**What to do**
Your task is to copy every line of the records below that contains "Printed".

──────── The data

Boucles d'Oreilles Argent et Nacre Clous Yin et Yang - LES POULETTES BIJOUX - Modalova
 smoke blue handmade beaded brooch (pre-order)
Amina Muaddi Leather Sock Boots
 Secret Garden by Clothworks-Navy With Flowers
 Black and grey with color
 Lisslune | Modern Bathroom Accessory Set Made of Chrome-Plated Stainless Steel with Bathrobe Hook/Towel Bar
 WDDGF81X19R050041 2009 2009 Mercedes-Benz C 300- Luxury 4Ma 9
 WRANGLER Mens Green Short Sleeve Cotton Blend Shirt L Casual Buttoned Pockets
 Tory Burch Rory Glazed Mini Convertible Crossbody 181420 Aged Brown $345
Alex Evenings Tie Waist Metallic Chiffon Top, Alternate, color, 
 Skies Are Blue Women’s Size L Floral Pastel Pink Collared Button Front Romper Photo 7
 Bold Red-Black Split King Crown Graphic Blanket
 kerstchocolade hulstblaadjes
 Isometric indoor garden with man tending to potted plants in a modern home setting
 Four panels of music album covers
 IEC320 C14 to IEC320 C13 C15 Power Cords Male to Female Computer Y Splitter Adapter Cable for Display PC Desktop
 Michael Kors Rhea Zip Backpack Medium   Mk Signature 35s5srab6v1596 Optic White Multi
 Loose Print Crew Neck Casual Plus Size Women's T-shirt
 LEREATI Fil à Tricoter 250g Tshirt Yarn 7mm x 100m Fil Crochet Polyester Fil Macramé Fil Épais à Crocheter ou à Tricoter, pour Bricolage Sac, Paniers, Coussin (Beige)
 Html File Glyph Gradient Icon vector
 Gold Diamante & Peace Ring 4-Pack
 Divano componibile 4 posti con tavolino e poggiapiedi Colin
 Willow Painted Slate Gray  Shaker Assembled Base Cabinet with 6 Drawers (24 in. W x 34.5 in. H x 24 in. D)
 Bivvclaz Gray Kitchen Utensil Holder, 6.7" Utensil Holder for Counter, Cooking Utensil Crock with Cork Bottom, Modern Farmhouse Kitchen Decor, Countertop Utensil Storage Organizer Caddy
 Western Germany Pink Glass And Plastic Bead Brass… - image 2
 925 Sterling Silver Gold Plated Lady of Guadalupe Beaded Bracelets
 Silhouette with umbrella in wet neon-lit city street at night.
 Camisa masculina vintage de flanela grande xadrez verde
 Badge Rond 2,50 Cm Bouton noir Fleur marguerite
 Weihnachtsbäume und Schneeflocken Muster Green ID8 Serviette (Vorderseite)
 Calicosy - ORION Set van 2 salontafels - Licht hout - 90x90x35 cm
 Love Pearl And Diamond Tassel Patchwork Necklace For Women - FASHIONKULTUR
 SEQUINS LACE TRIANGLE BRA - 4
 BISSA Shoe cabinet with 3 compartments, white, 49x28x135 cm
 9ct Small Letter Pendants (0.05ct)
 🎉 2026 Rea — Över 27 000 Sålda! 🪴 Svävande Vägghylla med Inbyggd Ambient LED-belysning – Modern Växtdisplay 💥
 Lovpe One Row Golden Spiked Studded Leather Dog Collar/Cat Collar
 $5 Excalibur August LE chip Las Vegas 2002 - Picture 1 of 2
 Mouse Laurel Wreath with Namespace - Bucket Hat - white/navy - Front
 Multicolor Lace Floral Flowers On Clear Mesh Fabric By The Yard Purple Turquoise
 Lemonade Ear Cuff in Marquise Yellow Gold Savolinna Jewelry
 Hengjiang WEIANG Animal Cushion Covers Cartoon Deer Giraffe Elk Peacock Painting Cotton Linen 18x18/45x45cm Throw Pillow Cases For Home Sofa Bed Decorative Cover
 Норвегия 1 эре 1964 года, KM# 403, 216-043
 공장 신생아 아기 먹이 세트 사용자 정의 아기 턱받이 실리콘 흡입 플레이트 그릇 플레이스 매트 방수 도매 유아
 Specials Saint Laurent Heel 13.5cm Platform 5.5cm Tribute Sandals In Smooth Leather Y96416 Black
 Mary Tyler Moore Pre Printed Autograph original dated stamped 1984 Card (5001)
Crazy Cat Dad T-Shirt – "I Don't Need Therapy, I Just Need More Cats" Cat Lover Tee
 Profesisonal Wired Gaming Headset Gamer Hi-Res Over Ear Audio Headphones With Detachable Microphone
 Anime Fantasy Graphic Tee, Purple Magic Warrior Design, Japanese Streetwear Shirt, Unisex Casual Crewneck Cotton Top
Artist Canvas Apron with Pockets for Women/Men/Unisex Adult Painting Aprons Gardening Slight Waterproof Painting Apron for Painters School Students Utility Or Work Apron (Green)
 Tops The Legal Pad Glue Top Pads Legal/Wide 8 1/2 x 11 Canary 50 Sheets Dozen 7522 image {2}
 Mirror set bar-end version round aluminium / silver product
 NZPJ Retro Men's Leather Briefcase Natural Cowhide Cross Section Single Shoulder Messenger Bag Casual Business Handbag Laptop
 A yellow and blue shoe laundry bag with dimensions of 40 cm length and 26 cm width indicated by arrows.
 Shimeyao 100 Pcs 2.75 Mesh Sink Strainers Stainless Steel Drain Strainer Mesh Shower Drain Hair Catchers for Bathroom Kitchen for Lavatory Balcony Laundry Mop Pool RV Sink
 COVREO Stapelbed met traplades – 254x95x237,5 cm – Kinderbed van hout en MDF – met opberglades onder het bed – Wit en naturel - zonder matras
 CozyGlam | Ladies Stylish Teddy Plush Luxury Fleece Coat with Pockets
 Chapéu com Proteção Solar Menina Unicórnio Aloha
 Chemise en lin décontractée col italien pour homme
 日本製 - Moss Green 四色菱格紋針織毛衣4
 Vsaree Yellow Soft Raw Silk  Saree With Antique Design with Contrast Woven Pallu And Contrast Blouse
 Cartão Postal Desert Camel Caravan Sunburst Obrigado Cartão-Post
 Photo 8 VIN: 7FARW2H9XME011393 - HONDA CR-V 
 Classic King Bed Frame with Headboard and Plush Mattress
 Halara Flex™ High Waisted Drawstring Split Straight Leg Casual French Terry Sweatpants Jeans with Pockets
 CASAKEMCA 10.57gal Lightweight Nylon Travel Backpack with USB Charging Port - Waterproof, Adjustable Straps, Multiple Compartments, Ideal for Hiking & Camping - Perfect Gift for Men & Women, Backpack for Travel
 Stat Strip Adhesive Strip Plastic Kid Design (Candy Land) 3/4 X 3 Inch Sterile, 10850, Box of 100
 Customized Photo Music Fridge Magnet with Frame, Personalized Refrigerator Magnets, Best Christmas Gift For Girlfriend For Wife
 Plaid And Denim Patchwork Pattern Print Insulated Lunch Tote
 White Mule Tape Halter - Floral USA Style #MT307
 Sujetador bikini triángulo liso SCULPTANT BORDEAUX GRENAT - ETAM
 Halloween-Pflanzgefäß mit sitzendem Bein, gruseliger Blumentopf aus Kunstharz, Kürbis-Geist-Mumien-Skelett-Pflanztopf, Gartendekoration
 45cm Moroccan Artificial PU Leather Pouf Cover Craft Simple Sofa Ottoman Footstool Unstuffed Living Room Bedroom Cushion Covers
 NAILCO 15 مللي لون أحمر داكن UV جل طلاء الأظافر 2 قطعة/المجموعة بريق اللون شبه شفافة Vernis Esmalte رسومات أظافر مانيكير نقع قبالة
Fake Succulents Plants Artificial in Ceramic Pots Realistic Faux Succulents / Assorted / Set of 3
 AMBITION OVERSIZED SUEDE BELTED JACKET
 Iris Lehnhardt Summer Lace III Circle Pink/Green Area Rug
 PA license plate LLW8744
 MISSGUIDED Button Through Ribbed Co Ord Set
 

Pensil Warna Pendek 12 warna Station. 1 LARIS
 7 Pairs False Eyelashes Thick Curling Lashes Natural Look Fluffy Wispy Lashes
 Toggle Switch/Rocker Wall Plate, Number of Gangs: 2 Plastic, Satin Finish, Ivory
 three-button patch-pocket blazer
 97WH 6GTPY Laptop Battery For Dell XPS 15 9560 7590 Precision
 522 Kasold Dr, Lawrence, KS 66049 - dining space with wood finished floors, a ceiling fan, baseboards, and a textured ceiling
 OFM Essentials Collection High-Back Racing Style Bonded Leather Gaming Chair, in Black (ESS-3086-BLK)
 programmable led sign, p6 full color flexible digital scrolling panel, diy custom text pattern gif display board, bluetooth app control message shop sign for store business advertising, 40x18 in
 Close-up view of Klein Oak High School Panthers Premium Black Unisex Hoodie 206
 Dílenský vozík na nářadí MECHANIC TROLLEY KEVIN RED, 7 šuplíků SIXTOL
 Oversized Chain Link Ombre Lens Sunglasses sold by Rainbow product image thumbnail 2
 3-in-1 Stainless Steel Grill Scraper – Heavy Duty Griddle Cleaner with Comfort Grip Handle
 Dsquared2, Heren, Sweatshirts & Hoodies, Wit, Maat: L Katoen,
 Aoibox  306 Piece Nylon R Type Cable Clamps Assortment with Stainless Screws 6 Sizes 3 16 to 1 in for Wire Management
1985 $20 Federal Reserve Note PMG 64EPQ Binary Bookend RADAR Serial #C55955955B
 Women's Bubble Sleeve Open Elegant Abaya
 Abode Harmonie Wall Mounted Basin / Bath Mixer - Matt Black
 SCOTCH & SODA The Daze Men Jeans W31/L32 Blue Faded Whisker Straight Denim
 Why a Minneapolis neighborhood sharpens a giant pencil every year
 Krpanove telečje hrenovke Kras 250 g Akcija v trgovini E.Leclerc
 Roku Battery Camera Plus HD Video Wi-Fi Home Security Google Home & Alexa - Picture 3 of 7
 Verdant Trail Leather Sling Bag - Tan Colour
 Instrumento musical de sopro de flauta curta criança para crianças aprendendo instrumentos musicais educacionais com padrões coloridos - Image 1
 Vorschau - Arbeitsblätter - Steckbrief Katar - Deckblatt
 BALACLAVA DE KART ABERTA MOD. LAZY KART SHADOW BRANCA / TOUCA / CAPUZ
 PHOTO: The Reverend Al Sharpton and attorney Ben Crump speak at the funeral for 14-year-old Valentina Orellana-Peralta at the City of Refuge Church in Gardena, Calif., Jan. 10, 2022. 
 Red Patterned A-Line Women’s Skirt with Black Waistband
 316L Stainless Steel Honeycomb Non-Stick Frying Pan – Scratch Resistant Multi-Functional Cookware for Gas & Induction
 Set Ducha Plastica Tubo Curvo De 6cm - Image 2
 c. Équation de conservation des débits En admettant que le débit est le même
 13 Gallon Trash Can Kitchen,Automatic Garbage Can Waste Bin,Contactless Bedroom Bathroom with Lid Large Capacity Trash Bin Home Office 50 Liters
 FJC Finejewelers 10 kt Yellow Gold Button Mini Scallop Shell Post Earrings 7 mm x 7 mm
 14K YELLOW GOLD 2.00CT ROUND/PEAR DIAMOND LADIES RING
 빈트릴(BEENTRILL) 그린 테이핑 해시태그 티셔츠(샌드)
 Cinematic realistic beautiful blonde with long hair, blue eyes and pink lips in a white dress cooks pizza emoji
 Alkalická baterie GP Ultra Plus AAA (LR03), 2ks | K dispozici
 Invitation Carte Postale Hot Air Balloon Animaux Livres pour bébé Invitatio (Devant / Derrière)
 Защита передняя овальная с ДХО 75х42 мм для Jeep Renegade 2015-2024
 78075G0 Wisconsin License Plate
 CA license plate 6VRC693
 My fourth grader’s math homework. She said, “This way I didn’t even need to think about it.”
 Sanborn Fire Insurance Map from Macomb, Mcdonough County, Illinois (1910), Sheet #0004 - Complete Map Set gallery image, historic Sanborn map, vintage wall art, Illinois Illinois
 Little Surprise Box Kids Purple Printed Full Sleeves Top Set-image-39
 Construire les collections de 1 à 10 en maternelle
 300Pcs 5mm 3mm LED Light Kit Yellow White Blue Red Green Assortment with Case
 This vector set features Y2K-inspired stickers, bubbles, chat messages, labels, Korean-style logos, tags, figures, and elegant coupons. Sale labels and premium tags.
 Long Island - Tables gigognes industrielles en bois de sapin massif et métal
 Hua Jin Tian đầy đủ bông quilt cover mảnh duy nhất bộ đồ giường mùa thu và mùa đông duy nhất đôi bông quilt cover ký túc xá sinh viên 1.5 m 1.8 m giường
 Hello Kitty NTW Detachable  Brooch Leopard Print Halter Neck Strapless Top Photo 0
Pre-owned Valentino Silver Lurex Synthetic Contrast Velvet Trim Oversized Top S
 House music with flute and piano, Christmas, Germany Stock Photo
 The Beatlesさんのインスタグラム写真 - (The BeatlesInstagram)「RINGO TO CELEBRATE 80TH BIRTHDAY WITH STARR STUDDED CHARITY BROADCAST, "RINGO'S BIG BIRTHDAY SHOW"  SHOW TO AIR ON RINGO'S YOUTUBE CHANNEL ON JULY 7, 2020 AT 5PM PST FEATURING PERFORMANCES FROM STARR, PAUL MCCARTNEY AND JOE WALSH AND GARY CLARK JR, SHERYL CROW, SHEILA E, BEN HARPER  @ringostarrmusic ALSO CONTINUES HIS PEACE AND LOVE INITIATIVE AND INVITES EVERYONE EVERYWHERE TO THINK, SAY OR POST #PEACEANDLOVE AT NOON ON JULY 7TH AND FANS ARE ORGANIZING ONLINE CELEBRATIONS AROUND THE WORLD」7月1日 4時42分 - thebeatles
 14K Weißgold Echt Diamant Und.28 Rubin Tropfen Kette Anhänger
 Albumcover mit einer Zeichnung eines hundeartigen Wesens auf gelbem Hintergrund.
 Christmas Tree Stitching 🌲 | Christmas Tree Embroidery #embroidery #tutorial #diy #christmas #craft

────────────────

**Expected output**
 Mary Tyler Moore Pre Printed Autograph original dated stamped 1984 Card (5001)
 Little Surprise Box Kids Purple Printed Full Sleeves Top Set-image-39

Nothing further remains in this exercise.